I thought of the other strange talents my vampire brethren possessed. I knew of a vampire in Venice who could inflict physical injury by will alone. There was another in Russia who could cause objects to move without physically touching them. There were vampires who could control the minds of others, who could touch objects and see their pasts or their futures.
What other strange gifts did my vampire brothers possess? And what would Lukas make of them when he realized he had the power to steal those abilities?

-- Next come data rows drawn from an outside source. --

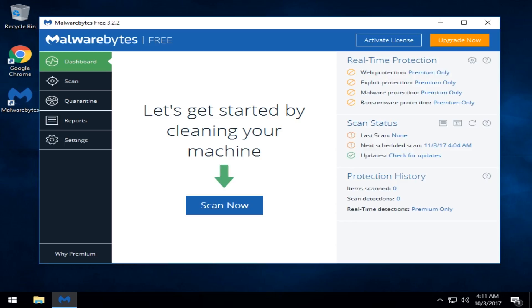Hey Geeks, Tim Tibbets here with MajorGeeks.com. Today we're going to take a look at a problem we've been hearing about with Malwarebytes where an error pops up that says unable to connect to service. Relatively easy fix.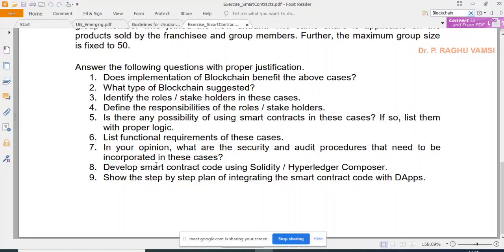Further questions include: Is there any possibility of using smart contracts? If so, list them with proper logic. List functional requirements. What are the security and audit procedures to incorporate? Develop smart contract code using Solidity or Hyperledger Composer. The last items — integrating smart contracts with DApps — require at least 10–15 lectures to explain fully.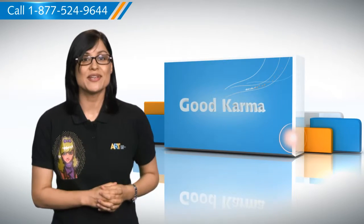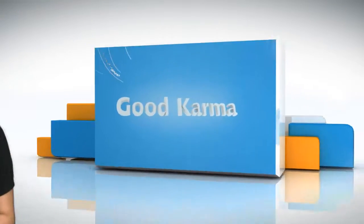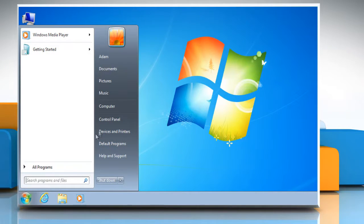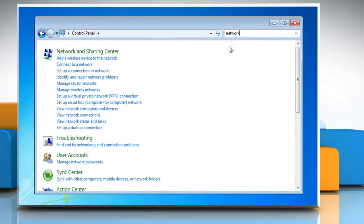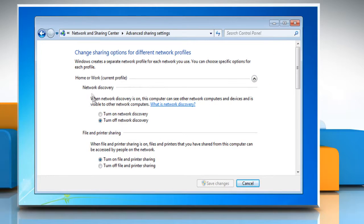Here's how you can turn on the network discovery in your computer. Click on the Start button and then select the Control Panel. In the search box, type "network". Click on the Network and Sharing Center, and then in the left pane, click Change Advanced Sharing Settings. Click Turn on network discovery and then click Save Changes.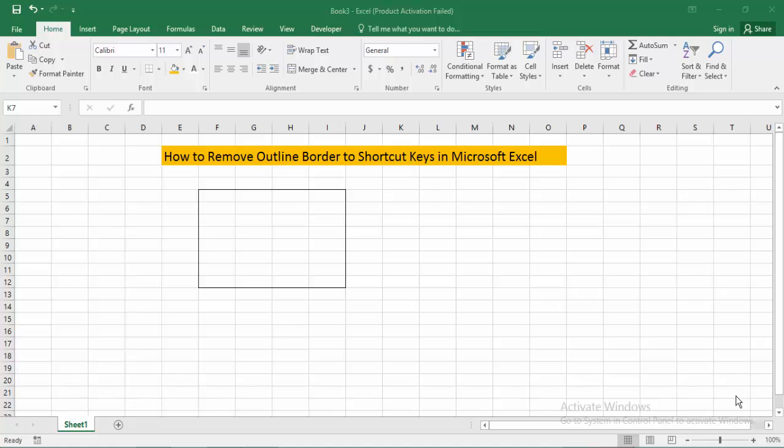Hello everyone, Assalamualaikum. How are you all? I hope you are well. Welcome back to my channel. In this new video, today's video is how to remove outline border using a shortcut key in Microsoft Excel. So let's get started.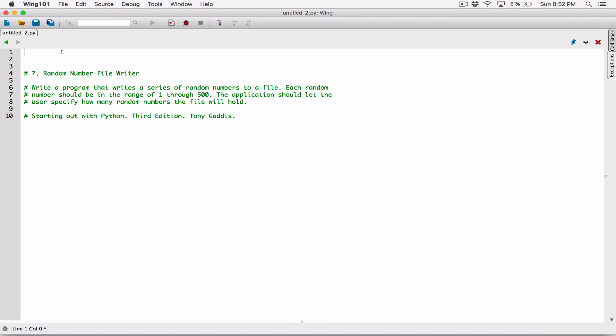The next program in Chapter 6 is Random Number File Writer. Write a program that writes a series of random numbers to a file. Each random number should be in the range of 1 through 500. The application should let the user specify how many random numbers the file will hold. So we are going to write Python code to create a file, write random numbers in the range of 1 through 500, and the user will specify how many the file should hold.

He would set about the world, hunting down those vampires, one by one, and collecting their powers.
How long until he was unstoppable?
How long until he fashioned himself the new God King of the Vampires?
And I had unleashed this fiend upon the world!
"Tell me what to do, father!" I pleaded. "I have to put this right before it is too late!"
"Your Blood still resides within the monster's veins," Gan said. "He has not yet… fully digested you."
I had Shared with countless vampires over the ages. On many occasions, the Blood had belonged to one of my enemies. There was always a little revolt inside my mind when I took the Blood of an enemy, as the imprint of their personality tries to usurp control. It is always like that. A little battle before the Blood is fully digested. Before the memories and personality are completely absorbed and the host personality asserts its dominance. I had never heard of a vampire being fully possessed by a Shared persona, but perhaps it could be done. It must be done! I had to find a way.
For the world, and for the sake of my soul!
"How do I do it?" I asked my father.
He nodded once more to the throbbing cord in my hands, which was really just a psychic manifestation of the link I shared with my executioner.
"Follow it back," he said. "Use your connection to defeat your foe. He is a powerful blood drinker, yes, but you, my son, are the Oldest Living Vampire. Follow it back and defend your tribe!"